By: Julio Cacho, PhD & Juan Carlos Herrera
Most innovation and technological advances, which are fundamental parts of economic progress, are developed in startup companies. Although investing in these new companies that are “sure to succeed” sounds enticing, BE CAREFUL because most startup companies fail over time.
Let’s say you’re an entrepreneur with a dream to start a company. You’ve used up all of your money and now need more to keep the company going. What do you do? You may turn to a venture capital firm for funding. Venture capital, often known as “VC”, is financing given to startup companies that want to grow, but are so new that it’s difficult for them to get traditional bank loans or access to capital markets. When choosing investments, many might assume that entrepreneurs with a clever technology startup are currently sitting on gold mines. However, this is likely to result in fool’s gold.
Recent evidence reveals that venture-backed startups fail much more often than the industry rate that is usually cited. Shikhar Ghosh, a senior lecturer at Harvard Business School, looked at more than 2,000 companies from 2004 – 2010 that received venture capital funding, and found that 75% of VC-backed startups in the United States don’t return investors’ capital. That’s right…three out of every four startups fail!
Ghosh defines failure as any company that cannot return at least $1 for every $1 invested by the VC firm. For instance, if a VC firm invested $100 but the startup could only return them $75, then that is deemed a failing company. Ghosh’s report is vastly different from those of the National Venture Capital Association. They estimate that only 25%-30% of VC backed businesses fail; However, that estimate is usually based solely on the companies that declare bankruptcy or close business.
What are reasons for this discrepancy?
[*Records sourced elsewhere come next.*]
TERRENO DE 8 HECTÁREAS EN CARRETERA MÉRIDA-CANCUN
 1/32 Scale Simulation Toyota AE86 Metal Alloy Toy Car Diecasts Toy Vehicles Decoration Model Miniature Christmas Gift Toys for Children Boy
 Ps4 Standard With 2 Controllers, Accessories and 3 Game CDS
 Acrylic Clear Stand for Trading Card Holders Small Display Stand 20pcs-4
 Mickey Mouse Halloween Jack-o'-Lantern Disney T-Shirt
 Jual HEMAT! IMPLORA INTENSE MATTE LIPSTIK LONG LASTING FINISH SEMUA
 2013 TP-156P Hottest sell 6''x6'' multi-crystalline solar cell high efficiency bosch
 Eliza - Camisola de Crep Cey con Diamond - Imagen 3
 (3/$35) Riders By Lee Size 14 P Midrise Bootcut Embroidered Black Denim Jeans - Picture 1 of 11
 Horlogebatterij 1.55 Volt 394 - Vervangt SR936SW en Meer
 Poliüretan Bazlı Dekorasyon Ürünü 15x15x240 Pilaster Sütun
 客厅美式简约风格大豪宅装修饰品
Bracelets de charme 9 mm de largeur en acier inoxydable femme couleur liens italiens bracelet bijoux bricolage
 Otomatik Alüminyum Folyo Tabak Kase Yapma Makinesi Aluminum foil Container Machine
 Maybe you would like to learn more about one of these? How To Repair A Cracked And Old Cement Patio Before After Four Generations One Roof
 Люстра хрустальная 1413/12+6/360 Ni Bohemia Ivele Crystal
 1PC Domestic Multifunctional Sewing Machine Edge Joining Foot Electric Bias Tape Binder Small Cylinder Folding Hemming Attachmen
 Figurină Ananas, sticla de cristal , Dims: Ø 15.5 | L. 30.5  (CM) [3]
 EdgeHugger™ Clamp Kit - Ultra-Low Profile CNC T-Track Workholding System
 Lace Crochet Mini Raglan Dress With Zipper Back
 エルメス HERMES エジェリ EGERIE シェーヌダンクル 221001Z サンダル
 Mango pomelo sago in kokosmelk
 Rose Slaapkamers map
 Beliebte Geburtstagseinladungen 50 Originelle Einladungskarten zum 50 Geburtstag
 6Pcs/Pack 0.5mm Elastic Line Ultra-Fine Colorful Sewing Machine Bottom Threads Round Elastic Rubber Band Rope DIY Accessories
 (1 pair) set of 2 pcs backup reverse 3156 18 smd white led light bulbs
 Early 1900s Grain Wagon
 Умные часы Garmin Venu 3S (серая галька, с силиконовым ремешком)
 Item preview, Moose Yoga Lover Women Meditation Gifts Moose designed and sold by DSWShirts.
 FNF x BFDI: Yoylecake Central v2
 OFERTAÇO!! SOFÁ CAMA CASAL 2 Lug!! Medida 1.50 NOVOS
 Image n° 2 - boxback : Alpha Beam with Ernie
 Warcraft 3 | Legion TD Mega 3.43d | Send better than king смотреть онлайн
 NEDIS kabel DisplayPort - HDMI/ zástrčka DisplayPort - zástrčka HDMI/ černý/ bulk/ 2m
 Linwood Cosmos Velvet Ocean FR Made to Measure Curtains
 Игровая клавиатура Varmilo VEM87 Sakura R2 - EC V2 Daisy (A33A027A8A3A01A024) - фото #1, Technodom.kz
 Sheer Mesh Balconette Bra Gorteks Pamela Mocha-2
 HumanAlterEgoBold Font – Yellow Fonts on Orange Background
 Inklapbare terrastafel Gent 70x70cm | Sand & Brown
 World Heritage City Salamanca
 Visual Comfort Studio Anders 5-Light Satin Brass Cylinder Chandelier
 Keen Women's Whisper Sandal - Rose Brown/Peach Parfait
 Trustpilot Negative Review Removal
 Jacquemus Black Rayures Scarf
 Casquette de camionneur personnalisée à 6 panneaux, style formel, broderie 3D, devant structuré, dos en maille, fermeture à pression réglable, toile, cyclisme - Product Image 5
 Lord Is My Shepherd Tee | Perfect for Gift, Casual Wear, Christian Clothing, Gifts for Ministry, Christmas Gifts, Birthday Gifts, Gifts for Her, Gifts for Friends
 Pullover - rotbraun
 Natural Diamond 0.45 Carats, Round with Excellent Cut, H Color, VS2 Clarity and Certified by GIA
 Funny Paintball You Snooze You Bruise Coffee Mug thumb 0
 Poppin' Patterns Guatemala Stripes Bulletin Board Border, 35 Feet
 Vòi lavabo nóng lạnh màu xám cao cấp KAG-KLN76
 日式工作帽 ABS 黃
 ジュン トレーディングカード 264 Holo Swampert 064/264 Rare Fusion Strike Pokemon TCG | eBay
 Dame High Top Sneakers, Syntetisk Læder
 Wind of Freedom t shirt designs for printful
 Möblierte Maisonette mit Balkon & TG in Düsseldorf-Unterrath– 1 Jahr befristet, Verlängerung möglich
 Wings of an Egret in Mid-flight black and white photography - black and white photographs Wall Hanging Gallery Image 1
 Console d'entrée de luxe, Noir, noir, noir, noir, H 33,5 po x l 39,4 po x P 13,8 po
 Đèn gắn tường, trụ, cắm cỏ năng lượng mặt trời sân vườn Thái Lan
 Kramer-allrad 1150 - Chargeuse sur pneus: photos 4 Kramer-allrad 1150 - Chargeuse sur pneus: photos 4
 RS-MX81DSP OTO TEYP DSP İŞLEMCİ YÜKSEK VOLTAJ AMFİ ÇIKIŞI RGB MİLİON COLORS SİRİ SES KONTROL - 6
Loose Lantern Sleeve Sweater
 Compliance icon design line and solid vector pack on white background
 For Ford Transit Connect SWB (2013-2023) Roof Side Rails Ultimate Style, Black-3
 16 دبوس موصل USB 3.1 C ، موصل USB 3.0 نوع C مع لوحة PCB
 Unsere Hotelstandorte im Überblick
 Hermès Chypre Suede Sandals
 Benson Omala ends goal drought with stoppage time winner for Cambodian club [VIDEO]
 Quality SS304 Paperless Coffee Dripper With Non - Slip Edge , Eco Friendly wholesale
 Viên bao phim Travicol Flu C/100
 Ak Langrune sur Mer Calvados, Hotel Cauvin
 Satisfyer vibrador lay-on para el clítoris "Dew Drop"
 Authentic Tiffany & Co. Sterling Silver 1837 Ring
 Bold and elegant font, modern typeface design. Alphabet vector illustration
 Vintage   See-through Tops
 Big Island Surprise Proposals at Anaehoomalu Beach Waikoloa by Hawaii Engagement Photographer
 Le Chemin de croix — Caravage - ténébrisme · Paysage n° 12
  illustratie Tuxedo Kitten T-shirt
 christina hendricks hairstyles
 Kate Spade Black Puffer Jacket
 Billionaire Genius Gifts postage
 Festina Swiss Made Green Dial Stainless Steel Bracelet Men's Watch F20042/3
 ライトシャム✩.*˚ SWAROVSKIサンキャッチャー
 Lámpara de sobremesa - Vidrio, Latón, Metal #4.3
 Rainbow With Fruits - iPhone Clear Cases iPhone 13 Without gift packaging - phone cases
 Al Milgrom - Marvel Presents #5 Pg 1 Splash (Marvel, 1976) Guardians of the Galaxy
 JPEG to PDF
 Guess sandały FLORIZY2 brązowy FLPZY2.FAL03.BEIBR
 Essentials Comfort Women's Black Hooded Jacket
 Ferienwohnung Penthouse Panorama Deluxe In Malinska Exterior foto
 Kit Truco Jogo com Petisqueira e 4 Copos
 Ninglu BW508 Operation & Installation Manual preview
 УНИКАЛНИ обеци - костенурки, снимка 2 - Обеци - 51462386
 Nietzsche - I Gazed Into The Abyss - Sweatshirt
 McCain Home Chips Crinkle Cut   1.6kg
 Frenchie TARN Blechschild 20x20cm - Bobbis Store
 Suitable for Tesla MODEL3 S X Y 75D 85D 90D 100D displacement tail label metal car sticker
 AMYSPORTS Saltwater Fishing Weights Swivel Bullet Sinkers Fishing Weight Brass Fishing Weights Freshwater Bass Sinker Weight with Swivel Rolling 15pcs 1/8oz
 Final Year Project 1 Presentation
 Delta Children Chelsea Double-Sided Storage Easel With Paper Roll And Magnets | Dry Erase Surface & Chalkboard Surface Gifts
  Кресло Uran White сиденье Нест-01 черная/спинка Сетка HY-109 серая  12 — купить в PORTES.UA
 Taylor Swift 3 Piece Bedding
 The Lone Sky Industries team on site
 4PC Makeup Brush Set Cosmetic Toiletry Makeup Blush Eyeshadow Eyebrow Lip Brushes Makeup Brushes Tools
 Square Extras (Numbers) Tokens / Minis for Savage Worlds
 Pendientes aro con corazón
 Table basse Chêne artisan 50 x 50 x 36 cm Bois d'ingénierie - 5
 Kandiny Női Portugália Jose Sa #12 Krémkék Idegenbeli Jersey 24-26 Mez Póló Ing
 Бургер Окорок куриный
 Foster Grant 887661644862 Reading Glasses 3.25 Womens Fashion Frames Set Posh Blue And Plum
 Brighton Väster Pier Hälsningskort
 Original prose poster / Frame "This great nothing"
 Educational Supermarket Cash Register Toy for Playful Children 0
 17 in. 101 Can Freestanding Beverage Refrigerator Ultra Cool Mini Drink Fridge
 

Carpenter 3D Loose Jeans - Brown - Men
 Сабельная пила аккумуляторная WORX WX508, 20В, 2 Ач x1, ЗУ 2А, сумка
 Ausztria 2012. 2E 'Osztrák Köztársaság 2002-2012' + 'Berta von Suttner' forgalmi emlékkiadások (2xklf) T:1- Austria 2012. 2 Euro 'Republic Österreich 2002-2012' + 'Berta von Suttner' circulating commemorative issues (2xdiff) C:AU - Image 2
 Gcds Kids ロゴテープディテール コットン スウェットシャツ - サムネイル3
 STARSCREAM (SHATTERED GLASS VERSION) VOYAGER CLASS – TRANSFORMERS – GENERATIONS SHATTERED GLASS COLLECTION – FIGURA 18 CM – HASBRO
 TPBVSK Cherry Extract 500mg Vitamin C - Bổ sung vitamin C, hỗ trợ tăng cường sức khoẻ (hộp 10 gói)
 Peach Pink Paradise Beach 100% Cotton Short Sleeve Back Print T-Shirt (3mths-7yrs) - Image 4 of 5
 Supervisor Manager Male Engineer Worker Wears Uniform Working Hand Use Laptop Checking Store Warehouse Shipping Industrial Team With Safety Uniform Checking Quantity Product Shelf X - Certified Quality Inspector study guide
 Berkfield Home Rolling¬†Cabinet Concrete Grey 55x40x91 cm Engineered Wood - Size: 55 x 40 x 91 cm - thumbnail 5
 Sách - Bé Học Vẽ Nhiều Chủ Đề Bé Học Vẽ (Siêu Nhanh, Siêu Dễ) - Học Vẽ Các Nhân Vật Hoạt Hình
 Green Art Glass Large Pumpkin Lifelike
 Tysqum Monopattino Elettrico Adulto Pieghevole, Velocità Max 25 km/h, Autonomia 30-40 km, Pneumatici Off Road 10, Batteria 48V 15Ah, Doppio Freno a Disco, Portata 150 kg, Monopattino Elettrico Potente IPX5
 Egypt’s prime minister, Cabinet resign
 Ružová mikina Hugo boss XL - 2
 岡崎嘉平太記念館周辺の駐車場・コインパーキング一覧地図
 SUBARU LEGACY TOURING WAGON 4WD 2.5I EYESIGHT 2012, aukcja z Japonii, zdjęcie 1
The main reason is the lack of in-depth research done on the failing companies. It was discovered that many VC funded startups sell the company at a loss, while others get out of business but remain as entities. Despite their failures, these startups do a great job at silencing their defeat by emphasizing any success and completely ignoring their loss. For example, a startup that loses all of its money, but sells off its computers and office furniture could claim that an “acquisition” occurred, when in reality the company went broke.
Venture capitalists make risky investments with the knowledge that some of them will fail. While some startup companies can use VC funding to springboard into mega success, most often fail after four years of existence when the investors stop adding more capital to the company. So, as tempting as investing in these new innovative startups may sound, it’s important to be aware that the odds of succeeding are steep.